THE four seasons which boast an array of beautiful environmental changes in their own right exist because of the Earth’s changing distance from the sun.
Equinox and solstice mark our transition through the different seasons. We give you the full lowdown.
SWNS:South West News Service Harpists Morwenna Louttit-Vermaat and Josie Felce welcome the rising of the midsummer solstice sun on June 21 last year
What’s the difference between an equinox and a solstice?
The equinox in the Northern hemisphere occurs twice a year around spring and autumn.
It is the time the plane of Earth’s equator passes through the centre of the sun’s disc.
The solstice marks summer and winter seasons.
It is the times when the sun reaches its highest or lowest point in the sky at noon.
This marks the longest and shortest days.
Alamy Live News The foggy winter solstice pictured in Glasgow
The spring equinox usually takes place around March 20, marking the beginning of spring, when days are longer than nighttime.
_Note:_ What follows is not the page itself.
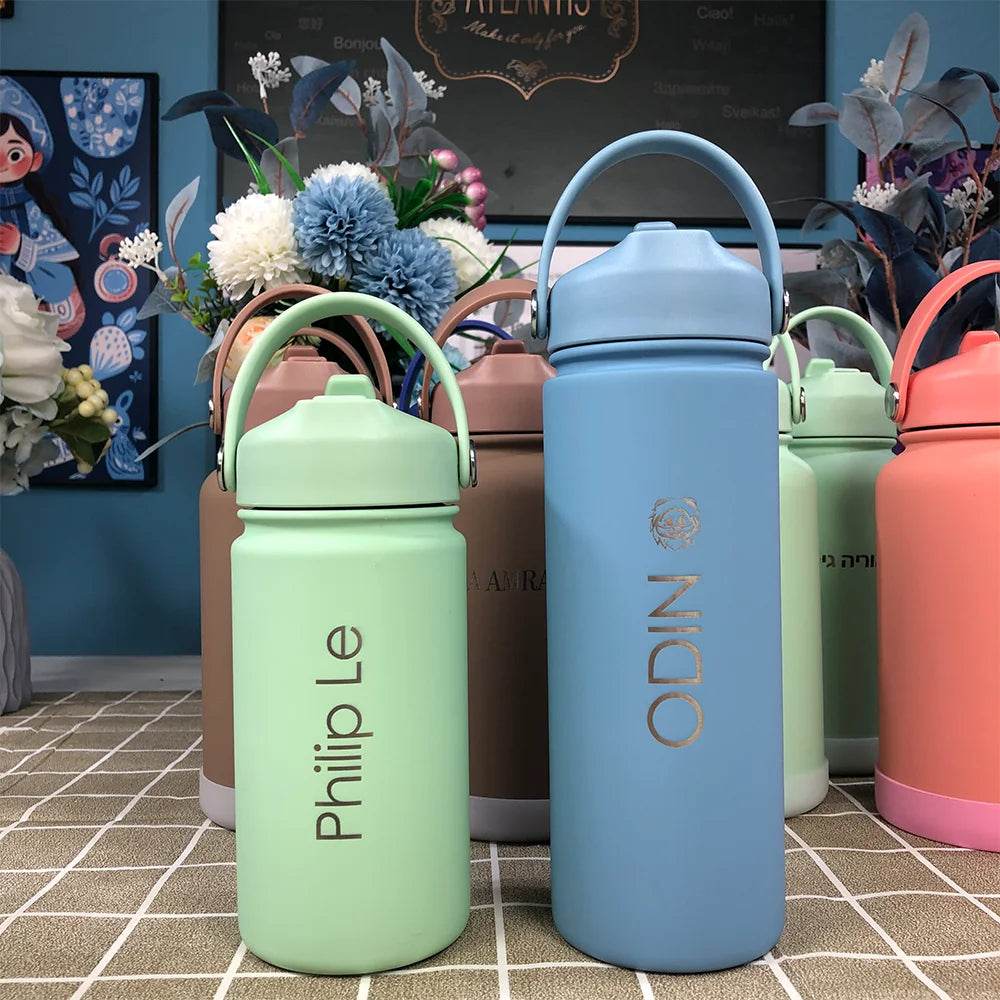 Insulated Water Bottle 500ml Custom Text/Logo - 304 Steel, 24H Cold, Office & Gym Essentials - AIAZ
The autumn equinox marks the start of autumn, as night becomes longer than the day. This usually takes place around September 22.
The solstice also occurs twice a year, but in the form of summer and winter.
Summer solstice occurs around the 21 June in the Northern Hemisphere, the longest day of the year.
During this time, the northern hemisphere is tilted towards the sun, resulting in increased sunlight and warmer temperatures.
At the winter solstice, the sun will be at its lowest point.
When will the equinox and solstice take place in the UK in 2018?
The summer solstice will occur on June 21 at 11.07am.
The winter solstice will occur on December 21 at 10.23pm.
The autumn equinox will take place on September 23 at 2.54am.
The spring equinox will take place on March 20 at 4.15pm.
Does daylight affect your mood?
Dwindling daylight can have a serious impact on your health.
Seasonal affective disorder (SAD) is a condition experienced by those who experience normal mental health during the rest of the year but suffer depression during winter months.
Light exposure is shown to impact levels of melatonin – which regulates sleep, and serotonin – a hormone that could impact mood, appetite and sleep.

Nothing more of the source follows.